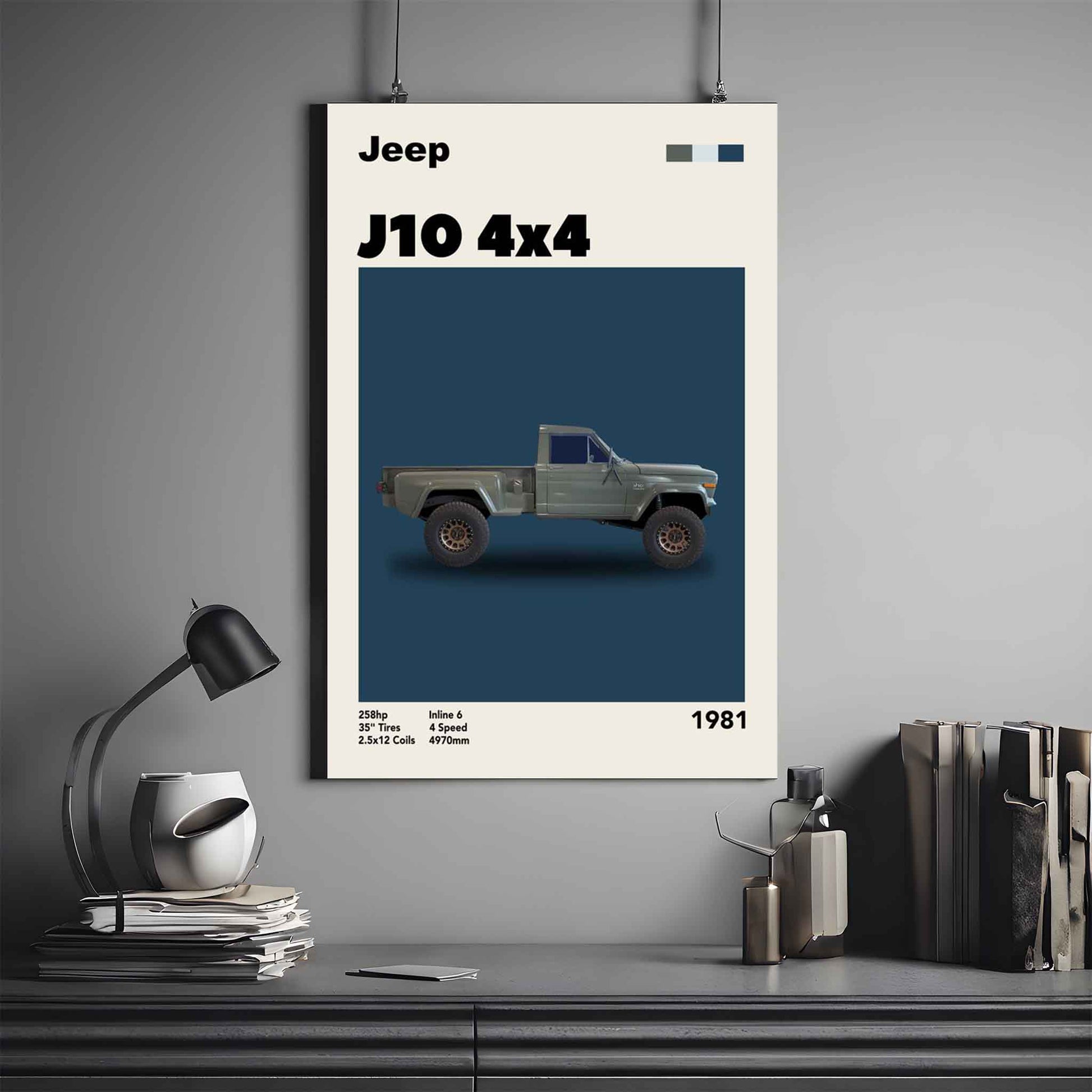 Jeep J10 Poster | Automotive Poster | Car Poster 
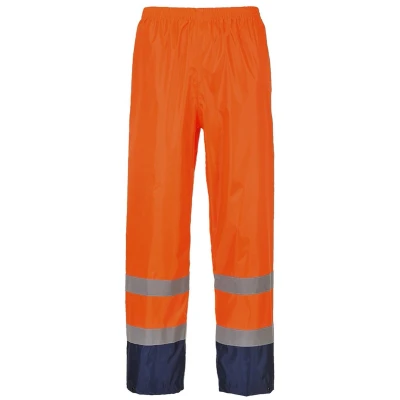 Afbeelding van Hi Vis Klassieke Tweekleuren Regenbroek maat XS, Orange/Navy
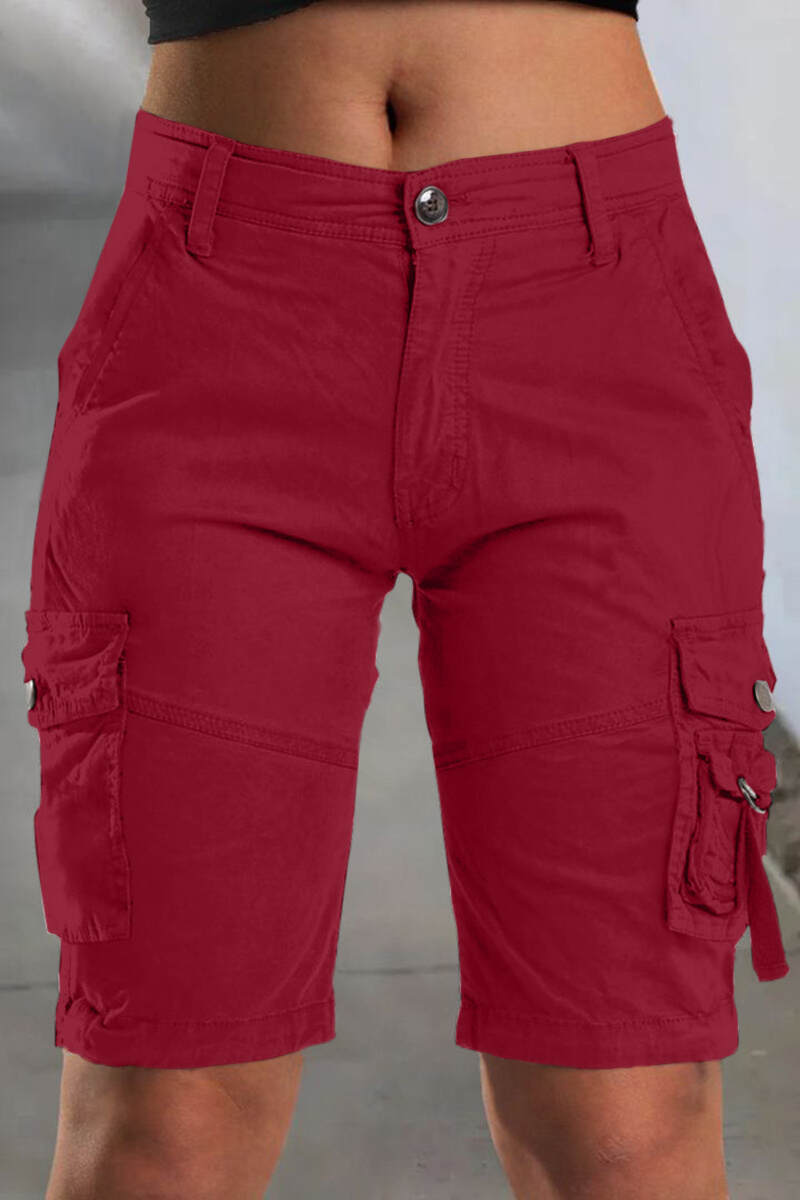 New Hot 2025🔥Stretch cargo shorts with flap pockets design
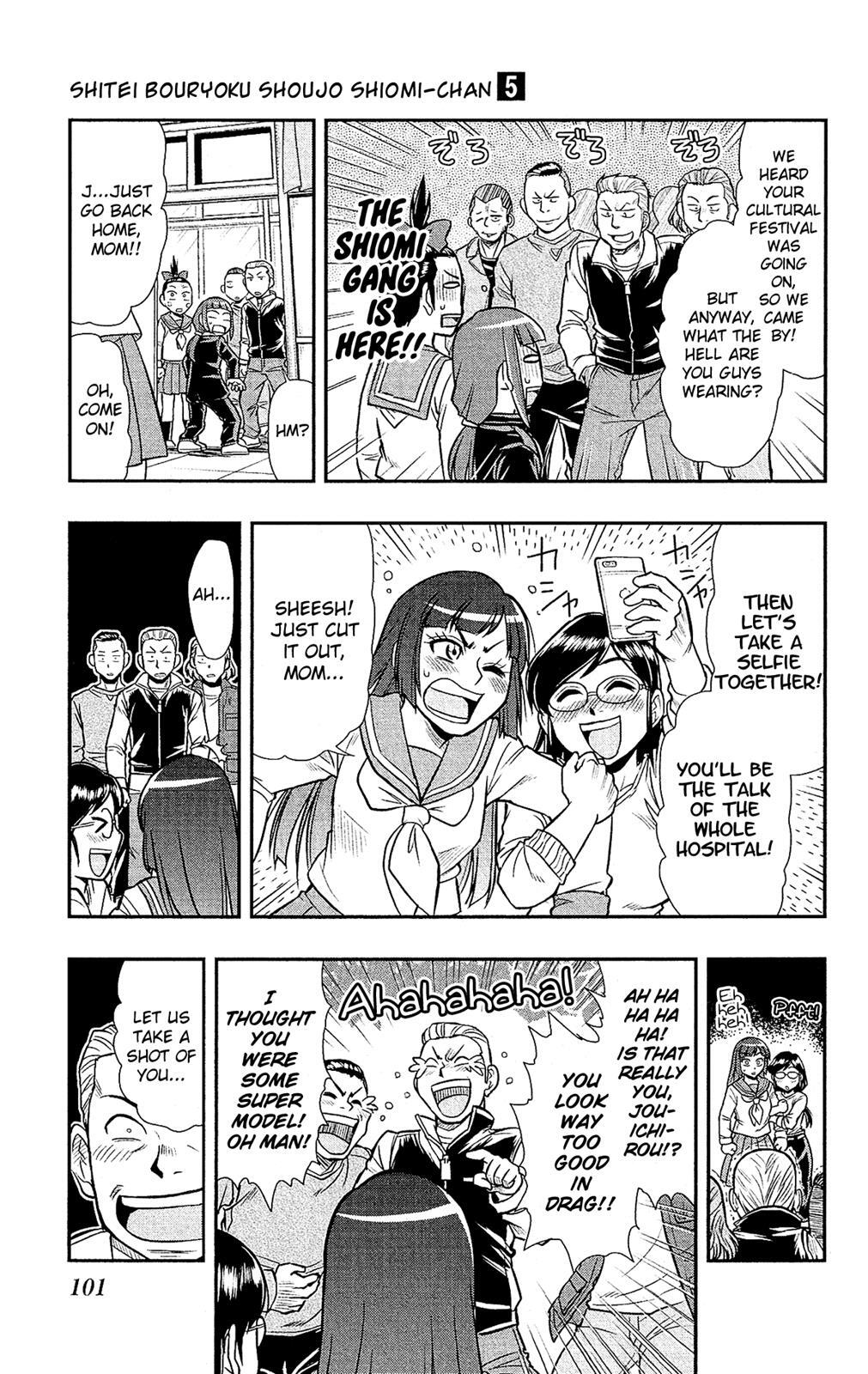 Read Shitei Bouryoku Shoujo Shiomi-chan Manga Online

• To do
With pictures left out, extract the lines from the one containing "New Hot 2025🔥Stretch" to the end of the material above, both included, exactly as written.

• Your response
 New Hot 2025🔥Stretch cargo shorts with flap pockets design
 Read Shitei Bouryoku Shoujo Shiomi-chan Manga Online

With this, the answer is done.